Lead-sheathed telephone cables in the earth are particularly exposed to such damage by electrolysis. The reasons are that such cables often are long, have a good conductor as the sheath-metal, and that metal dissolves readily in the presence of most aqueous solutions when electrolytic differences of potential exist. The length of the cables enables them to connect between points of considerable difference of potential. It is lack of this length which prevents electrolytic damage to masses of structural metal in the earth.
Electrical power is supplied to single-trolley railroads principally in the form of direct current. Usually all the trolley wires of a city are so connected to the generating units as to be positive to the rails. This causes current to flow from the cars toward the power stations, the return path being made up jointly of the rails, the earth itself, actual return wires which may supplement the rails, and also all other conducting things in the earth, these being principally lead-covered cables and other pipes. These conditions establish definite areas in which the currents tend to leave the cables and pipes, _i.e._, in which the latter are positive to other things. These positive areas usually are much smaller than the negative areas, that is, the regions in which currents tend _to enter_ the cables form a larger total than the regions in which the currents tend _to leave_ the cables. These facts simplify the ways in which the cables may be protected against damage by direct currents leaving them and also they reduce the amount, complication, and cost of applying the corrective and preventive measures.

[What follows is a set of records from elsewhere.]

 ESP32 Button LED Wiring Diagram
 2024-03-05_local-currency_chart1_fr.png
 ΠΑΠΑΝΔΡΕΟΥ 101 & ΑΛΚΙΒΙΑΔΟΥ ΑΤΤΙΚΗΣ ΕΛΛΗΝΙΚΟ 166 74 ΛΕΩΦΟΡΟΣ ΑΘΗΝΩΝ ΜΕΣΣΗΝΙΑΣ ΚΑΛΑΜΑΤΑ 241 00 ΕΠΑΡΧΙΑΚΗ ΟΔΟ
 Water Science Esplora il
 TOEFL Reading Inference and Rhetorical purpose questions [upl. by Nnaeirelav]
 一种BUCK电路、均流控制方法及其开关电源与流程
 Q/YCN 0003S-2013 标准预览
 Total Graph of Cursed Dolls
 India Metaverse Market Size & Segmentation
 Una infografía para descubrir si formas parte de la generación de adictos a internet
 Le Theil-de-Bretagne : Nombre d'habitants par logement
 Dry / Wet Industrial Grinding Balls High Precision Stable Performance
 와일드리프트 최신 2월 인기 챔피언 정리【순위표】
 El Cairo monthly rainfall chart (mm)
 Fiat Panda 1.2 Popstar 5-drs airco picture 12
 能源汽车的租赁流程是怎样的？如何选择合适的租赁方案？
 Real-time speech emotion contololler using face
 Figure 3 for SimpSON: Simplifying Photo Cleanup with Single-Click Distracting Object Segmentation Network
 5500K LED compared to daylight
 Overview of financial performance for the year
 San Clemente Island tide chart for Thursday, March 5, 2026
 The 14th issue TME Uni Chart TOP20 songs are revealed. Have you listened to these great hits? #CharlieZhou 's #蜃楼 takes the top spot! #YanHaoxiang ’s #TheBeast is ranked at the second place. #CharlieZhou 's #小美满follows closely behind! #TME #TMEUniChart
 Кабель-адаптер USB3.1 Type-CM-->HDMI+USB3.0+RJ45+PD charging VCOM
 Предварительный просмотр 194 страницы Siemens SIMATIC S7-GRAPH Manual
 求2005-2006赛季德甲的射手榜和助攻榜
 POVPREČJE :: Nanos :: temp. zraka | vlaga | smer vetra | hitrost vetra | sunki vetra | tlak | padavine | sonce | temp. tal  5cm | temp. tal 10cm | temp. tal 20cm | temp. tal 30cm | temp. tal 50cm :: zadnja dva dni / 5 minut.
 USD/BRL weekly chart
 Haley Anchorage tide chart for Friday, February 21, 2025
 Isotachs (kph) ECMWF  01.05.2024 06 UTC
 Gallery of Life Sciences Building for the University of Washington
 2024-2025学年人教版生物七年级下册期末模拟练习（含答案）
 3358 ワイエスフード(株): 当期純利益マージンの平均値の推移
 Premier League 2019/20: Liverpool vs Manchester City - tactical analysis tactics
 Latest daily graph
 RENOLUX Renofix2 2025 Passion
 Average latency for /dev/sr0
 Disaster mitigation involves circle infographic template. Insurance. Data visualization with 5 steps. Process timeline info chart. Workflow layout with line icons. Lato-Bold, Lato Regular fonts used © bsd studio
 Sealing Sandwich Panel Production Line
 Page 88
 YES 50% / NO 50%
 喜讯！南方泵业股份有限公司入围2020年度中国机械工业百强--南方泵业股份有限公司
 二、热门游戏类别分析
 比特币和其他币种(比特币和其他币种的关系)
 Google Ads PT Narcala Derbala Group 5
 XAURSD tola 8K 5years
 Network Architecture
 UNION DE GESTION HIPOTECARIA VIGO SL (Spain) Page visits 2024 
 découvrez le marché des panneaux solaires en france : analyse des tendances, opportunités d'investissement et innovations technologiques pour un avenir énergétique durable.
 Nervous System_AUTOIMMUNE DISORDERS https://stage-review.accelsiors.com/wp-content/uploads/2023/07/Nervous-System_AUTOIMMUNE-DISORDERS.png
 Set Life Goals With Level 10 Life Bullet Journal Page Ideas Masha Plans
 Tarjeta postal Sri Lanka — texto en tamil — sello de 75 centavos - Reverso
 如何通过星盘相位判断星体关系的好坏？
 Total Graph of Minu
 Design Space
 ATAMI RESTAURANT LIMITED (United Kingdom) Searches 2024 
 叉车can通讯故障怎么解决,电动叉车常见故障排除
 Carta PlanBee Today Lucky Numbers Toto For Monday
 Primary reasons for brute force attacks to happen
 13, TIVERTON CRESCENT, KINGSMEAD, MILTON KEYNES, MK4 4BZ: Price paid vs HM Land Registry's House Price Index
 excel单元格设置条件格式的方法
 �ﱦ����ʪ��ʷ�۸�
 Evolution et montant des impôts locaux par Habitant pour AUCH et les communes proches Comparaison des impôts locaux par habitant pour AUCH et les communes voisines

All electric roads do not use direct current. Certain simplifications in the use of single-phase alternating currents in traction motors have increased the number of roads using a system of alternating-current power supply. Where alternating current is used, the electrolytic conditions are different and a new problem is set, for, as the current flows in recurrently different directions, an area which at one instant is positive to others, is changed the next instant into a negative area. The protective means, therefore, must be adapted to the changed requirements.